- _What is being asked_
Everything in the records except the pictures must be copied out exactly.

- _Data to use_
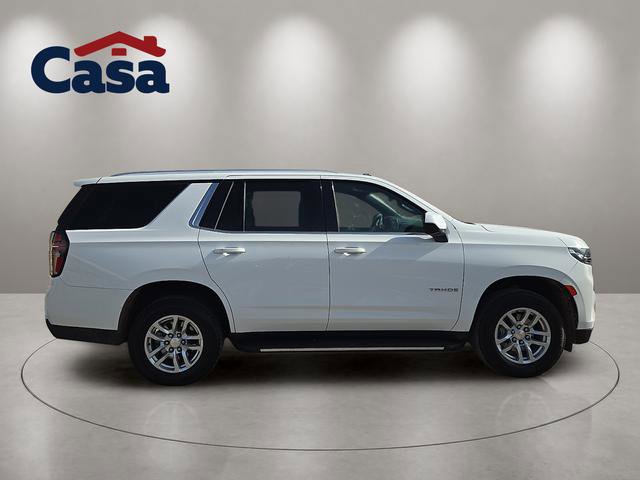 Used 2024 Chevrolet Tahoe LT RWD image 2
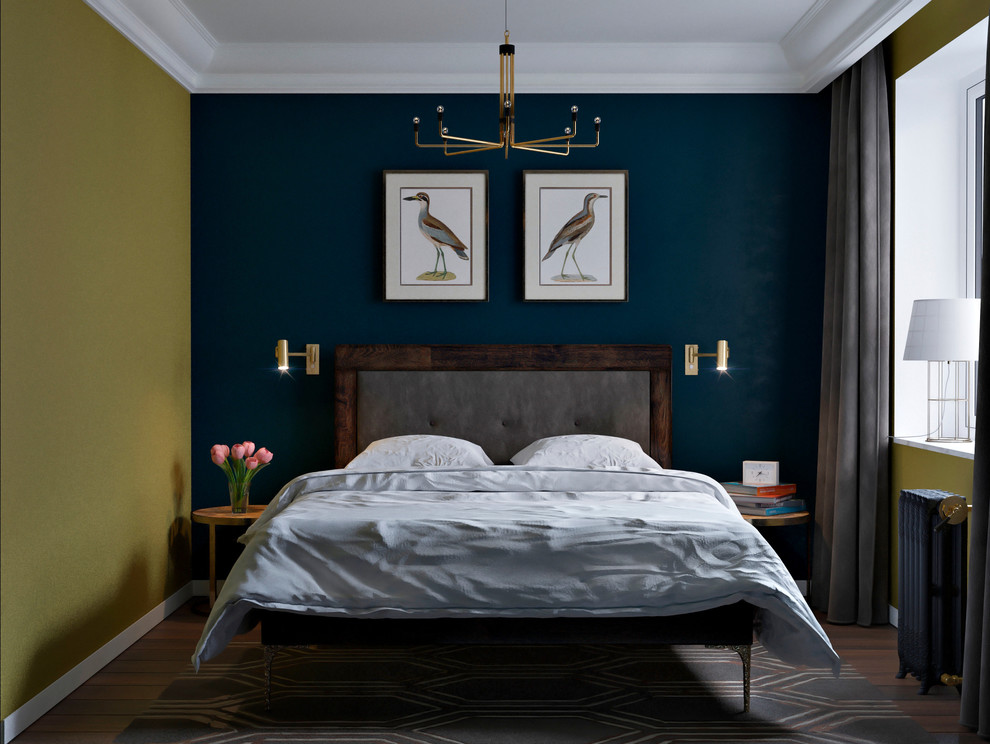 1-комнатная квартира в центре Красноярска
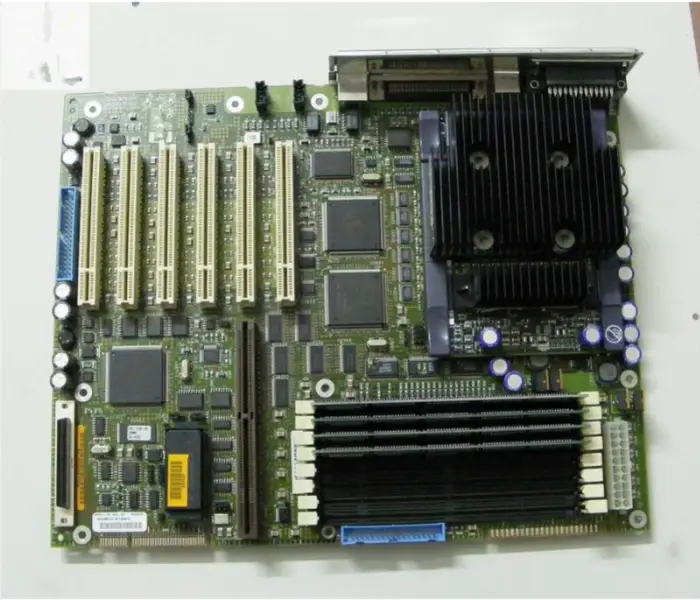 SUN SPARCengine Medical MRI System 4559-10 501-4559 4559-13 Industrielt hovedkort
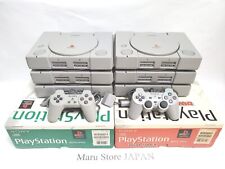 Console Sony PlayStaton1 PS1 (NTSC-J) caixa modelo selecionado controlador testado JAPÃO comprar usado  Enviando para Brazil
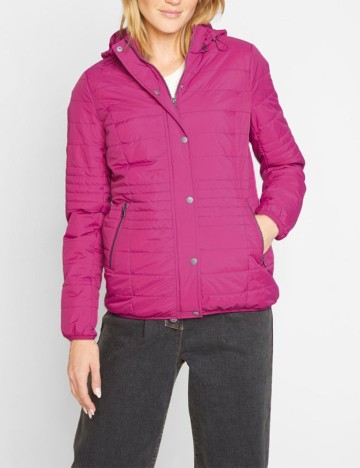 Geaca BON PRIX COLLECTION, magenta, 46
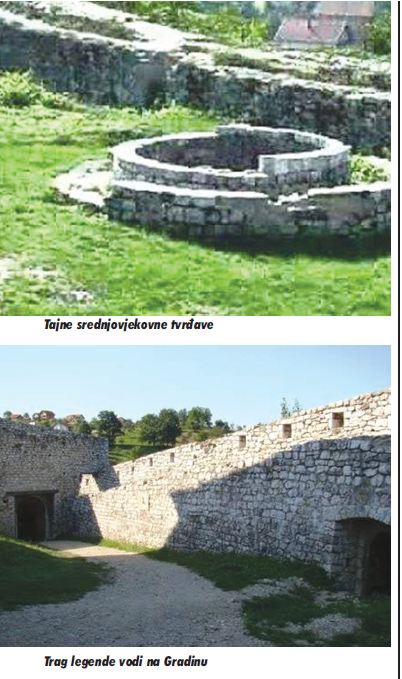 Tragom narodne predaje o Kudret vodi koja je “plavila” grad Tešanj Tragom narodne predaje o Kudret vodi koja je “plavila” grad Tešanj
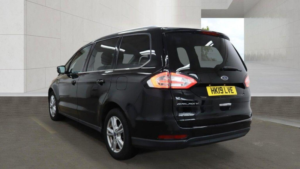 2019 Ford Galaxy 2.0 Ecoblue Titanium Auto Euro 6 (s/s) 5dr in Black — image 3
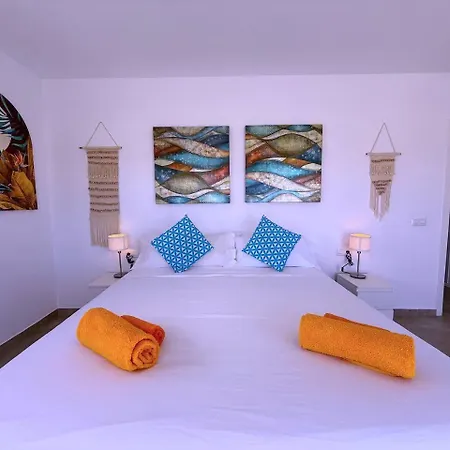 Red Princess - Private Heated Pool Villa San Miguel de Abona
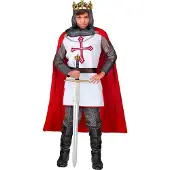 Widmann "TEMPLER" (tunika hupulla, vyöllä, viitalla)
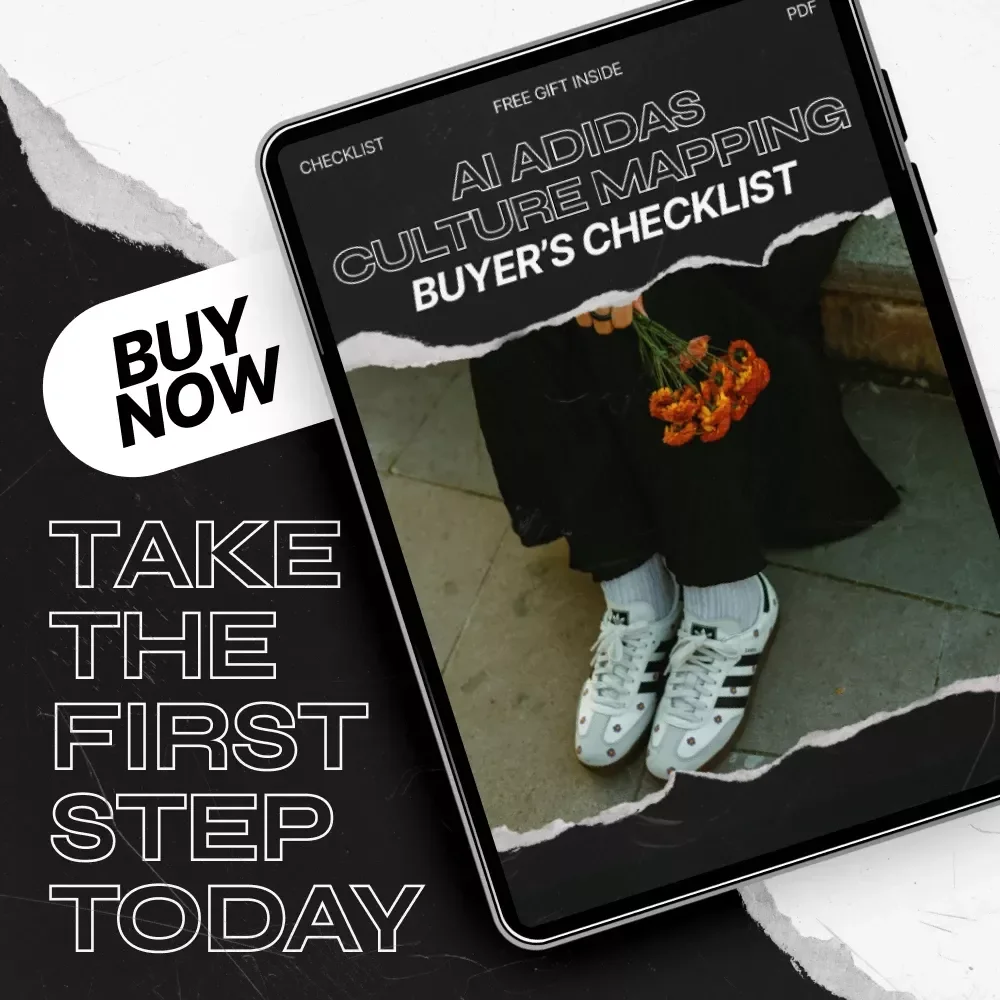 AI Adidas Culture Mapping: Buyer’s Checklist – Unlock Key Insights for Your Brand Strategy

- _Reply_
 Used 2024 Chevrolet Tahoe LT RWD image 2
 1-комнатная квартира в центре Красноярска
 SUN SPARCengine Medical MRI System 4559-10 501-4559 4559-13 Industrielt hovedkort
 Console Sony PlayStaton1 PS1 (NTSC-J) caixa modelo selecionado controlador testado JAPÃO comprar usado  Enviando para Brazil
 Geaca BON PRIX COLLECTION, magenta, 46
 Tragom narodne predaje o Kudret vodi koja je “plavila” grad Tešanj Tragom narodne predaje o Kudret vodi koja je “plavila” grad Tešanj
 2019 Ford Galaxy 2.0 Ecoblue Titanium Auto Euro 6 (s/s) 5dr in Black — image 3
 Red Princess - Private Heated Pool Villa San Miguel de Abona
 Widmann "TEMPLER" (tunika hupulla, vyöllä, viitalla)
 AI Adidas Culture Mapping: Buyer’s Checklist – Unlock Key Insights for Your Brand Strategy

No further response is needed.